June: Whether this is my end, or a new beginning, I have no way of knowing. I have given myself over into the hands of strangers. I have no choice, it can’t be helped. And so I step up into the darkness within. Or else, the light.
Random notes: 
One of the best moments this episode is how Moira is completely and utterly overwhelmed when her case worker offers her choices about what to do now, because for at least five years, she has existed in a world that gave her no choice. She is paralysed by it, and incapable of responding. 
There is a lot of tenderness between Rita and June in this episode, and it goes beyond just the promise of a child – and June tells Rita where she hid the package, which will perhaps mean that the idea of these women telling their stories will spread like a wildfire.
I think when the Commander promises Serena that they will be a family after June has left, she already knows that it’s a lie.
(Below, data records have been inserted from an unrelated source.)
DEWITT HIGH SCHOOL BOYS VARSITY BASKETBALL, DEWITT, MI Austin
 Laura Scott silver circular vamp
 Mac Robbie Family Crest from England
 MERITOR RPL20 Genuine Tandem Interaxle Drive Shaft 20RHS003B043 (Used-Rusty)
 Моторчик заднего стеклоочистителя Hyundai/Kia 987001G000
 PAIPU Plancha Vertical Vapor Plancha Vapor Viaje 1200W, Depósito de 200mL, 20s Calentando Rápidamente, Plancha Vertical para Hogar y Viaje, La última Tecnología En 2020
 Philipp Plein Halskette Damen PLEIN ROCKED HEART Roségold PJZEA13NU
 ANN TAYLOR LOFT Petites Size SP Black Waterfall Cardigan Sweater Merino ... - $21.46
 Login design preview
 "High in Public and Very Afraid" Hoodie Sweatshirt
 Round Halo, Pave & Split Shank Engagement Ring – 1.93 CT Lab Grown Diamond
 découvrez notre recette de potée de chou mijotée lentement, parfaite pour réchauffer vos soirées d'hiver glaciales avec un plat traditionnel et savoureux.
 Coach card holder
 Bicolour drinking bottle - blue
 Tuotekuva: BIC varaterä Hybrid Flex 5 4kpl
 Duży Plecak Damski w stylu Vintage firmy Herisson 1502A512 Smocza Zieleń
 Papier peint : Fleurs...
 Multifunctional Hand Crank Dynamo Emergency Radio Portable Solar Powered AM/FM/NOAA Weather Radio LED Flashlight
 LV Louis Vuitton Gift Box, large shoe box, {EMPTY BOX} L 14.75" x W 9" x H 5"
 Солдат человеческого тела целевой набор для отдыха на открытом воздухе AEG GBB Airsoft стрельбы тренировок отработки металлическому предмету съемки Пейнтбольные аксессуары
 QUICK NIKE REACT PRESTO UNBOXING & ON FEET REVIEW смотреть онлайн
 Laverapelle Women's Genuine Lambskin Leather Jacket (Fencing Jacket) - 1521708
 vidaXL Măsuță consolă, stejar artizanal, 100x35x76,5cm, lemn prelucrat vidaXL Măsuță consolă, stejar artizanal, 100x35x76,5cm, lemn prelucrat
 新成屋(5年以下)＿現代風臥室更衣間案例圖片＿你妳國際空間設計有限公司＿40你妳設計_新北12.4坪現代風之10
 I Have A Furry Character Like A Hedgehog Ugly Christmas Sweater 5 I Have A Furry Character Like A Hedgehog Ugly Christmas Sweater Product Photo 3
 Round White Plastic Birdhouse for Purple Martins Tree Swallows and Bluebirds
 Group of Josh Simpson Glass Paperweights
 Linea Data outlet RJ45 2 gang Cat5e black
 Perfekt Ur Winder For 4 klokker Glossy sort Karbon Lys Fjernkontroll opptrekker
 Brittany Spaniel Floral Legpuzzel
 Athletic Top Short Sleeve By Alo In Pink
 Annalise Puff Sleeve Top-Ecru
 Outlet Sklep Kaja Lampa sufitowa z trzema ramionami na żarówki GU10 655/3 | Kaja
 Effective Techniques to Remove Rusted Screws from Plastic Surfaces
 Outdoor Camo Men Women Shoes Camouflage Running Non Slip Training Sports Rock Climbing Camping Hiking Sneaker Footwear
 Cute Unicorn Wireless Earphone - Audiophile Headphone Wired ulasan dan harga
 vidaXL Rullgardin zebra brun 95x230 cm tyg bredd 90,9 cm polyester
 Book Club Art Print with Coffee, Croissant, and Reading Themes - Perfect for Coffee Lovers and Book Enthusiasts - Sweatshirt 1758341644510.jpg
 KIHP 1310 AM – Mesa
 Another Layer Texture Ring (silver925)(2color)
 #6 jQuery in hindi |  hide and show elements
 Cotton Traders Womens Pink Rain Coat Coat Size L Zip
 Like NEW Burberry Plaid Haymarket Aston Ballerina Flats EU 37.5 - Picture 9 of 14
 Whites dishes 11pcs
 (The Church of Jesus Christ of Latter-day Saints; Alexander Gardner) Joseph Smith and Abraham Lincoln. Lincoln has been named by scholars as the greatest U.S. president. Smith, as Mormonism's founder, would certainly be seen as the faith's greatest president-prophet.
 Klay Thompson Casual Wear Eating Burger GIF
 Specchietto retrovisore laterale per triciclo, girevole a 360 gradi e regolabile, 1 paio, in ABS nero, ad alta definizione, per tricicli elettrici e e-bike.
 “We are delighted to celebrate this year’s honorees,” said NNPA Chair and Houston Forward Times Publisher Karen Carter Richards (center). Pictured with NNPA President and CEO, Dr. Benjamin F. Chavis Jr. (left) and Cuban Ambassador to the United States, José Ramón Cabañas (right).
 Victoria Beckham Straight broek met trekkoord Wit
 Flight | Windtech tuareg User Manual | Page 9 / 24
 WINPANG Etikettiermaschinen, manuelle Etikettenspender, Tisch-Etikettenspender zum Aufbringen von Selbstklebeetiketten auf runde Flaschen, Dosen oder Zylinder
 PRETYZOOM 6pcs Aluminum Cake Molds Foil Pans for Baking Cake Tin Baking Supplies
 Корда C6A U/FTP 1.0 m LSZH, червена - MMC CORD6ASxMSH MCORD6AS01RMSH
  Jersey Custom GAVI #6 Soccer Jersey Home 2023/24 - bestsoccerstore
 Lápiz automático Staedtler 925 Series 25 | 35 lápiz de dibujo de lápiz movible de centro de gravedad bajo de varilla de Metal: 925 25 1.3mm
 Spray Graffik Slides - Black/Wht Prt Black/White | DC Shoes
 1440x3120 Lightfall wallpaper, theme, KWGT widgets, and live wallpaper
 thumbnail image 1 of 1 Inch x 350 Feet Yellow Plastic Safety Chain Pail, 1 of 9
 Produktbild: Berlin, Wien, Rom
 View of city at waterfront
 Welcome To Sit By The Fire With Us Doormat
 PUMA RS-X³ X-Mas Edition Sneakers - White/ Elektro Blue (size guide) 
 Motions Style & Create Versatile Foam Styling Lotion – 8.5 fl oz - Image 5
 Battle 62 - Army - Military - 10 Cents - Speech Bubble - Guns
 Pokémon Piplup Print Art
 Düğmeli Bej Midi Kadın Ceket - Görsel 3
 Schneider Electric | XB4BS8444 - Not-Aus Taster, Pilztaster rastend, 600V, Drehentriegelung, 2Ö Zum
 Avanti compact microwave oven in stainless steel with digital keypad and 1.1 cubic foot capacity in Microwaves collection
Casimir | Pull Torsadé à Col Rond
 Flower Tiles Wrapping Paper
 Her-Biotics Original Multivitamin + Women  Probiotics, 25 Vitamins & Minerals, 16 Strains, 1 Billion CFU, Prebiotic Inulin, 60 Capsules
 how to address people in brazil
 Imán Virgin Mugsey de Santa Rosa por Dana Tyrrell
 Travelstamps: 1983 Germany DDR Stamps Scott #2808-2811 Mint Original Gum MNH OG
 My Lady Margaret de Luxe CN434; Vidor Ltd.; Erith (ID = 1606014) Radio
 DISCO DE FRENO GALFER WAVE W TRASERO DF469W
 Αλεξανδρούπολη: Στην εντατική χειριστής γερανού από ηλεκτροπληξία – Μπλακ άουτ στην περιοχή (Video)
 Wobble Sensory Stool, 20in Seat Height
She is very conscious of all the ways in which she has been deceiving herself all this time. I wonder how these two will fit into the next season, if at all, but Yvonne Strahovsky has been outstanding in this role. 
They look at each other defiantly, courageously, finding companionship, and trusting. A severe contrast to how they used to look at each other in the Red Centre (there is a very deliberate contrast here between how Alma and June first met, and how they see each other the last time).